US and EU should keep their nerve on textiles free trade
By Alex Singleton | 11 April 2005
From the China Post, Taiwan:
Since the end of the old textile quota regime on Dec. 31, 2004, Chinese textile exports to the U.S. and the EU have increased by leaps and bounds. In the first quarter of this year, according to U.S. Commerce Department, imports of Chinese textiles and apparel were up 62 percent over the same period for the previous year. For certain items under scrutiny at Commerce, the gains are much larger, ranging from 300 percent to 1,500 percent.The Bush administration is launching an investigation into this "disruption" of the U.S. market. Washington may re-impose the quota regime if the findings of the probe turn out positive. The EU is likely to do the same by applying restrictions again.

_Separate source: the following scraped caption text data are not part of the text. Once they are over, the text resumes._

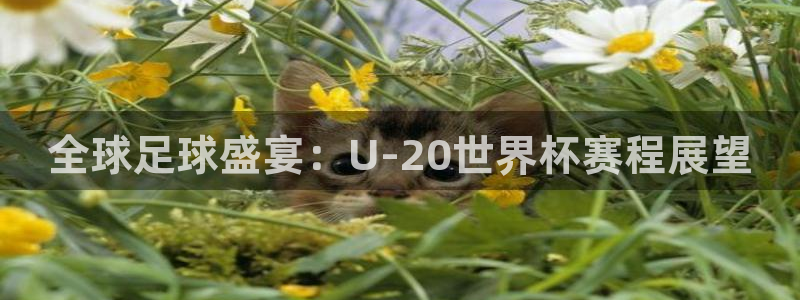 世界杯亚洲区预选赛积分榜：全球足球盛宴：U-20世界杯赛程展望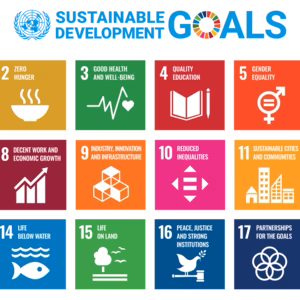 Grid image displaying the 17 goals of the SDGs, each square is a different colour, provides the number of the goal, the image that represents it and a brief description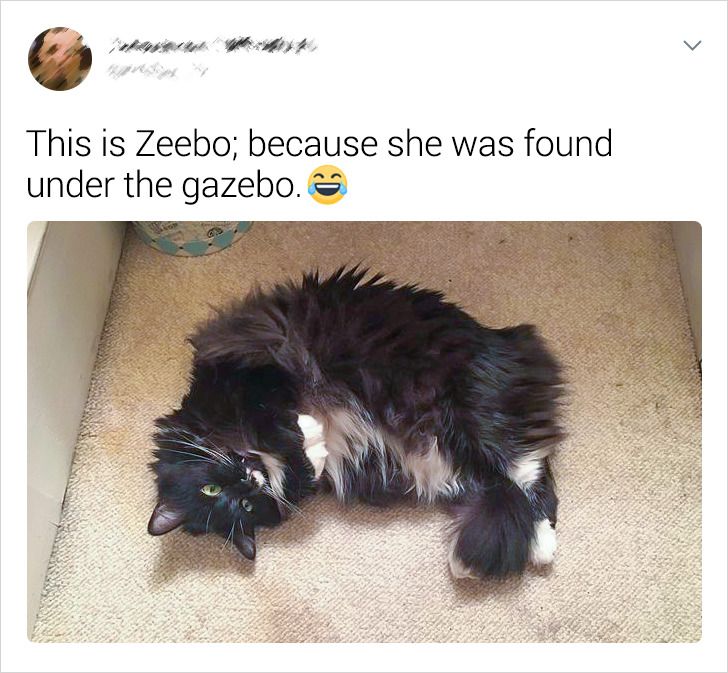 52fb1a55ba80038ff6206f267f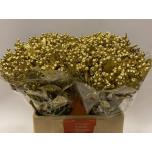 Hypericum Naistepuna paint Gold 60cm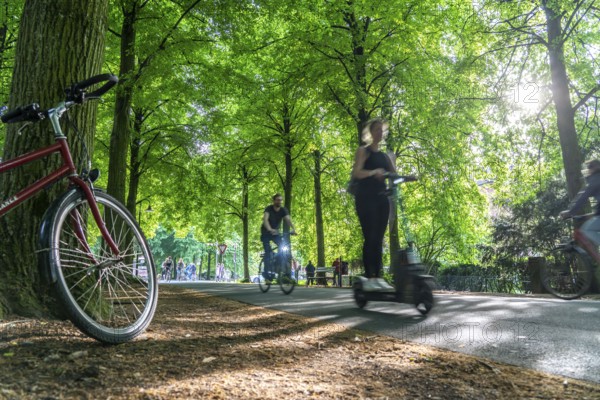 Promenade cycle path, tree-lined, car-free, approximately 4.5 km long ring road around the city centre of Münster, North Rhine-Westphalia, Germany, Europe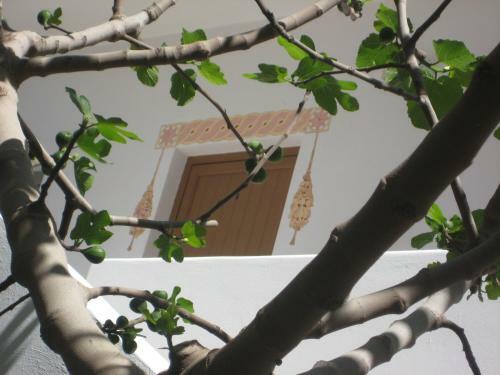 Apartamento Rozmari And Spa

Such measures of protectionism, however, are permissible under the World Trade Organization's "safeguards" provision. Beijing accepted the safeguards, which may last until 2008, when it entered the WTO in 2001.
Beijing is rightly upset. "Any attempt or moves to extend the quota system would go against the principle of free and fair trade and shakes the foundations of the multilateral trading system," Beijing responded this week.
As I argue in Trade Justice or Free Trade?, China - a poor country - deserves just as much as anyone else to sell textiles. Textiles quotas cause economic efficiency and make clothes more expensive. It was right to end the Multi-Fibre Agreement. Temporarilly going protectionist, and then liberalizing again by 2008, would be disruptive and increase insecurity.